Sejalan dengan penurunan laba bersih, pendapatan BHIT sepanjang 2023 turun 13,40% menjadi Rp15,66 triliun dari posisi tahun sebelumnya sebesar Rp18,08 triliun. Penurunan pendapatan BHIT diakibatkan oleh kurang moncernya bisnis media, pertambangan dan lainnya.

Untuk diketahui, BHIT didirikan pada 1989 sebagai perusahaan sekuritas. Grup ini berekspansi ke bisnis media dan menjadi induk dari RCTI pada 2001, serta memasuki bisnis hiburan perhotelan pada 2007. Saat ini, BHIT juga mengendalikan delapan Izin Usaha Pertambangan (IUP) batu bara di Sumatera Selatan.

Perusahaan ini melakukan penawaran umum perdana (IPO) pada 1997 dengan nama MNC Investama dan berubah nama sepeti sekarang pada 2022. TrenAsia mencatat harga saham tertinggi BHIT terjadi pada 12 Desember 2012 silam, yang kala itu bertengger di level Rp600 per saham.

Saat ini, pemegang saham terbesar BHIT adalah  HT Investment Development Ltt sebesar 13.238.835.716 lembar atau setara 15.85% saham, disusul DBS Bank Ltd S/A Caravaggio Holdings Limited sebesar 8.321.109.800 lembar atau 9.96% saham. 

Selanjutnya, PT Bhakti Panjiwira memiliki 5.262.220.112 lembar, atau setara dengan 6,3% saham. Di sisi lain, Hary Tanoesoedibjo, yang menjabat sebagai Direktur Utama, memiliki saham BHIT sebanyak 2.166.568.300 lembar, atau sekitar 2,59% dari total saham. Dan sisanya adalah masyarakat umum. 

Kinerja BCAP

Pada perdagangan hari ini, saham BCAP terpantau melemah 7,14% ke level Rp26 per saham. Secara mingguan, saham ini telah turun 36,59%. Sepanjang tahun ini, saham BCAP juga mengalami penurunan sebesar 48,00%.

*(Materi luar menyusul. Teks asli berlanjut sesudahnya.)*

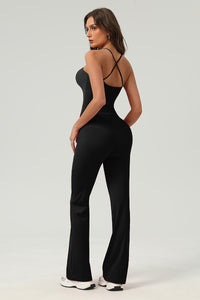 Women Slim-Fit Naked-Feel Cross-Back Yoga Set With Flared Pants & Built-In Bra
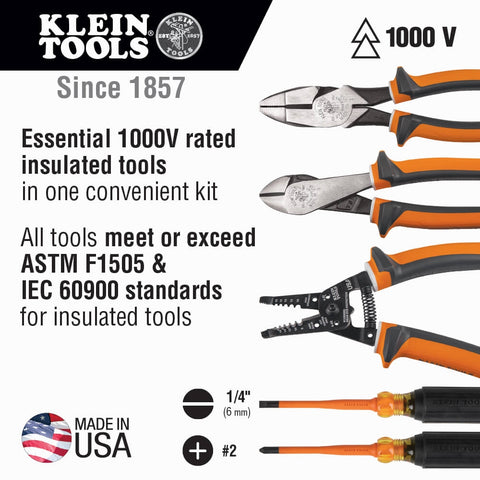 Klein 94130 1000V Insulated Tool Kit 5 Piece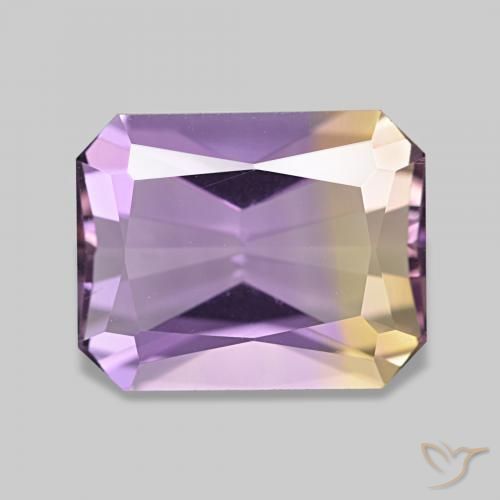 2.90ct バイカラー アメトリン, エメラルドカット, VVS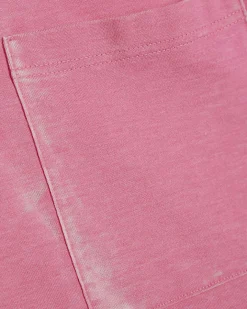Pink Cotton Blend Burnout Effect T-Shirt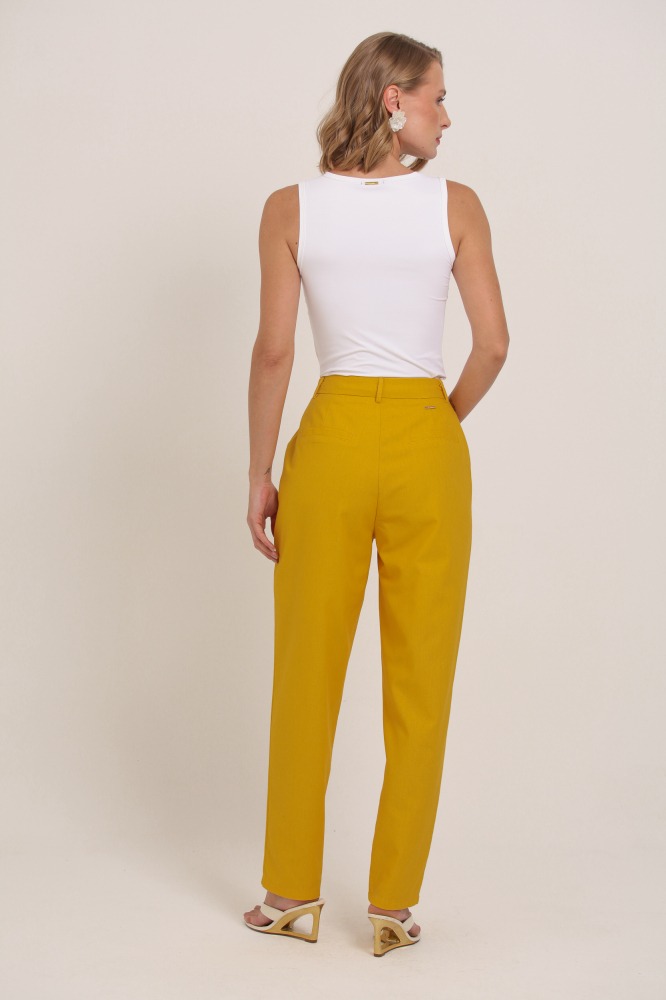9036905 - Calça Cenoura Linho AMARELO 9036905 - Calça Cenoura Linho AMARELO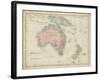 Map of Australia-Sidney Hall-Framed Art Print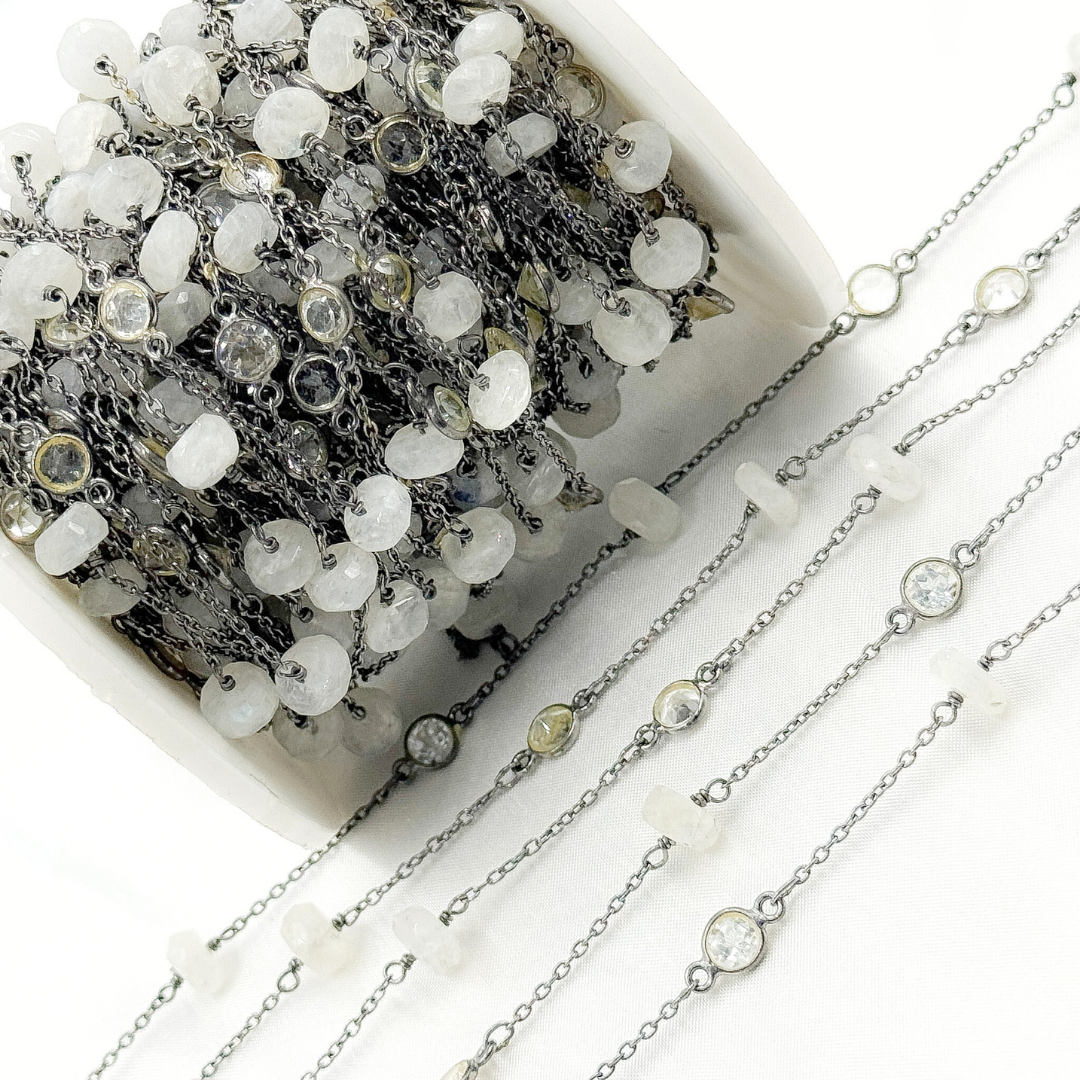 Moonstone Rondel Shape & White Topaz Oxidized Connected Wire Chain.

Dari sisi kinerja sepanjang 2023, BCAP mencatatkan laba bersih Rp55,93 miliar. Angka ini merosot tajam 58,99% secara tahunan dari periode yang sama tahun sebelumnya sebesar Rp136,37 miliar. Meski begitu, dari sisi pendapatan, emiten mencatatkan kenaikan tipis 3,68% secara tahunan menjadi Rp2,95 triliun. 

BCAP atau MNC Kapital adalah anak usaha BHIT yang didirikan pada 1999 dengan nama PT Bhakti Capital Indonesia. Tujuan didirikannya perusahaan ini untuk otomatisasi jasa keuangan MNC Group. Seiring berjalannya waktu, perusahaan ini mengakuisisi MNC Life dan MNC Insurance dan berganti nama menjadi MNC Kapital pada 2012. 

Saat ini BCAP memiliki layanan bisnis keuangan, termasuk perbankan, pembiayaan, sekuritas dan broker, manajemen aset, asuransi, fin-tech, dan gateway pembayaran melalui anak perusahaannya.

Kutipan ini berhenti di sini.